The issue we are having is that occasionally all of the httpd processes
on every node get hung in D state. This happens about once in 2 months
for most of the time, but for ex. it happened twice in 2 weeks during
the peak traffic period of the holidays. The only hint that something
went wrong with GFS is the following three lines in the message log:
Jan 4 20:36:50 fe20 kernel: dlm: cache: cancel reply ret 0
Jan 4 20:36:50 fe20 kernel: lock_dlm: unlock sb_status 0 8,60 flags 0
Jan 4 20:36:50 fe20 kernel: dlm: cache: process_lockqueue_reply id
221e016b state 0
Dec 23 13:48:43 fe20 kernel: dlm: cache: cancel reply ret 0
Dec 23 13:48:43 fe20 kernel: lock_dlm: unlock sb_status 0 2,c3f859 flags
Dec 23 13:48:43 fe20 kernel: dlm: cache: process_lockqueue_reply id
3fda0191 state 0
These messages have only appeared on one node. Other than the hanged
apache processes, everything seemed to be normal, no fence action was
taken, but the only way to recover from this was to fence the fe20 node
by hand. The apache processes couldn't be killed.
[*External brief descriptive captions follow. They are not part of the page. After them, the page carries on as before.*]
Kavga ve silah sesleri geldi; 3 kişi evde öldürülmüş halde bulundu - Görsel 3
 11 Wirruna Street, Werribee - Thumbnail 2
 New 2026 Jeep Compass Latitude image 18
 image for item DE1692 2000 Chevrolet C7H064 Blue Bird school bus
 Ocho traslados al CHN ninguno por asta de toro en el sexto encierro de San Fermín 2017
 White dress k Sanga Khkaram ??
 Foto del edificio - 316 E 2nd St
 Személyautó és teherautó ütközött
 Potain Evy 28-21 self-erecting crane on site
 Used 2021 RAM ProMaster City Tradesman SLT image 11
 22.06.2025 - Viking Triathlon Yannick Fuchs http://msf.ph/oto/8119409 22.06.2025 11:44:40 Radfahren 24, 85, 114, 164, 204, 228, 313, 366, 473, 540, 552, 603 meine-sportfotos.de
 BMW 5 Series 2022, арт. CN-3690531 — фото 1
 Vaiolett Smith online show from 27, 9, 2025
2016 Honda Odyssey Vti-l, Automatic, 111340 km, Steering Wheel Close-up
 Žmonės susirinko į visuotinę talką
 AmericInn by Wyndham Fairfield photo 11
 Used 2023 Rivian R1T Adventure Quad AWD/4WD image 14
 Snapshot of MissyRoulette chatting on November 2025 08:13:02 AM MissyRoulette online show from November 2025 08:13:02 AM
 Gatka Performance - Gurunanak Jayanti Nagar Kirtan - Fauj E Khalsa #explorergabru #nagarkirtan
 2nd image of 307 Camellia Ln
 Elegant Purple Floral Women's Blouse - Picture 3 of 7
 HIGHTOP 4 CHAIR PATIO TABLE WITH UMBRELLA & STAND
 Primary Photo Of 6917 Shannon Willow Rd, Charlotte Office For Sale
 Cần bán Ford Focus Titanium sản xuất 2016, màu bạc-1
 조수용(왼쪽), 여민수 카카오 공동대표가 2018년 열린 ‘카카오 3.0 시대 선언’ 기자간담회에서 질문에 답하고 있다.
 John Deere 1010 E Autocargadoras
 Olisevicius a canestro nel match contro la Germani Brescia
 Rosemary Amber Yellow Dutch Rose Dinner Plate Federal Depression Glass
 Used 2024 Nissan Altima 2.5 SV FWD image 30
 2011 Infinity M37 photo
Unfortunately we didn't had time for a deeper investigation of the
servers' condition during the hang because it is a production system and
getting the site back online was the top priority. I suspect that these
messages might not be enough to find the problem... If you need any
additional information from during the hanged state, tell us and we'll
make sure it will be collected next time this happens (which can be in a
couple of weeks or so..).
Versions of GFS and dlm:
In order to analyze the hang, I need to get the following information:
1. A dump of all GFS "glocks" from all nodes in the cluster. Please see:
2. A dump of all dlm locks from all nodes in the cluster. Please see:
3. Process call trace output from all nodes in the cluster from sysrq-t
output. The easiest way to collect that is to do this command:
echo "t" > /proc/sysrq-trigger
and capture/save the console output. Please be aware that triggering
the sysrq-t output can cause the system to hang and be unresponsive.
Therefore, other nodes may think the system is dead and try to fence
it. So you may have to temporarily disable fencing in order to
collect the complete output.
In NEEDINFO for six months; closing INSUFFICIENT_DATA.